There are huge chunks of San Diego county I’m not familiar with. Apparently, neither is Google Maps. I have a basic mistrust of internet directions since more than once I’ve been led astray.  My husband, who worships all things technological, is convinced any fault in these matters is solely mine. Let the record state that he printed off the directions to the concert venue. Ha! The google gremlin decided this would be a good time to mess with him for a change and sent us 30 miles in the wrong direction to a Cricket Wireless store instead of the Cricket Wireless Amphitheatre…..Hello!

Not to worry. My husband comes from a family who habitually waited in a parking lot for 30 minutes until Eccobelli’s Italian restaurant opened for dinner. Thanks to this good training we had plenty of time. What we did not have were directions. I pulled out my phone and realized having been preoccupied with puking the day before I had neglected to recharge the battery.  I had very little power left and the phone could “not access” driving directions. All the not so smart phone offered was a map with two little bubbles an undisclosed number of miles apart and a couple of street names.
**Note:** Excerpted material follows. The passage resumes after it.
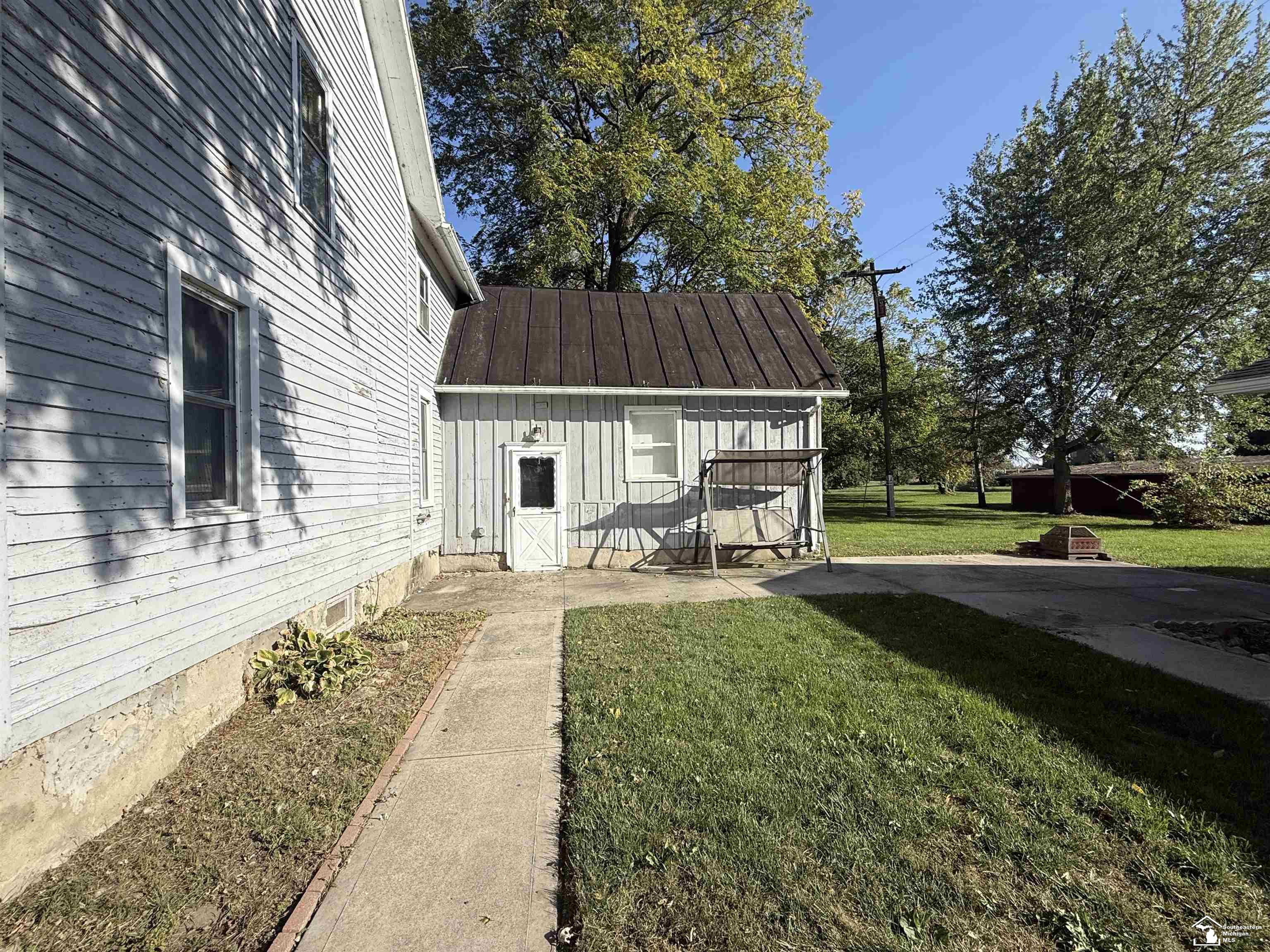 6349 Dixon Road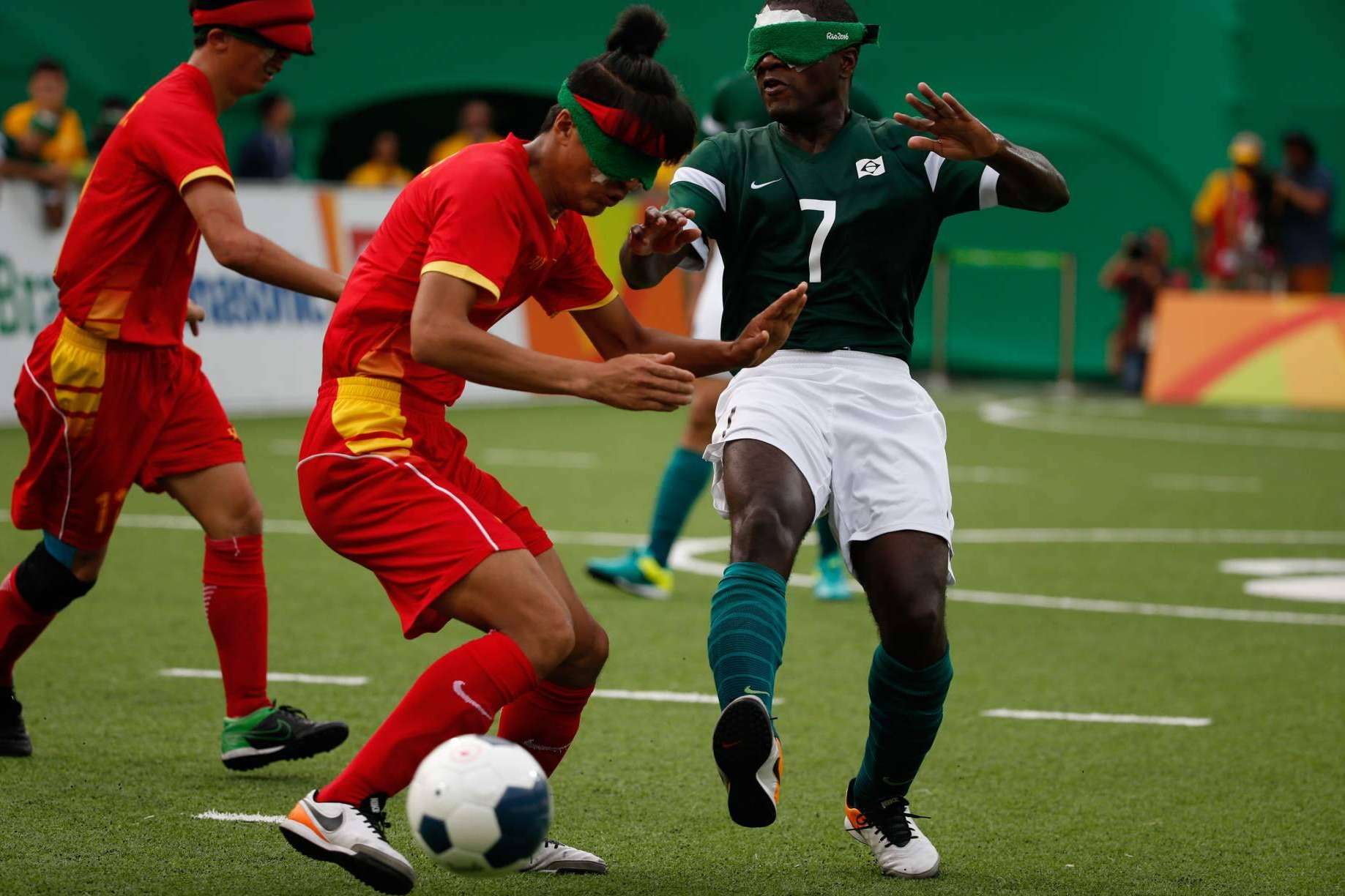 Santa Marta organiza fútbol 3x3 para ciegos en el centro comercial el Tormes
Don’t you wish you could have been riding in the car with us?

We arrived (finally), shook off our aggravation, and pumped ourselves up for some great surfing songs in the warm California sun. Only the sun hadn’t poked through the marine layer all day and it was freezing. And windy. And Cricket is an outdoor stadium. We bought a blanket and some alcohol.

Concerts provide great opportunities for “people watching” which is  one of our favorite activities. We were not disappointed with this part of the show. The Beach Boys unite the generations and we saw everyone from young children ruling their parents, to teens without nearly enough clothes on for the weather, to some really old, craggy California dudes with thinning ponytails. This kept us entertained while we shivered and felt like crap.

Time dragged on and on. It began to feel like we had been waiting forever and I started thinking the whole thing had been a bad idea. The people we were watching ceased to be amusing. The boy next to me was eating something greasy covered in cheese. It looked a lot like my vomit from the day before. I started longing for home and bed.

Then the stage lit up with a pop and excitement swept through the arena. And there they were.  Brian Wilson, the tortured musical genius, who hasn’t played with the Beach Boys in years, Al Jardine whose voice is as clear and strong as ever, and Mike Love who is Southern California personified. We forgot how sick we were feeling. We jumped up to sing and dance which warmed our limbs and the classic harmonies warmed our hearts. It was an amazing concert. The band played all the songs we came to hear.  For an evening, we were one and all, young and carefree. The image of a little surfer girl became the great equalizer.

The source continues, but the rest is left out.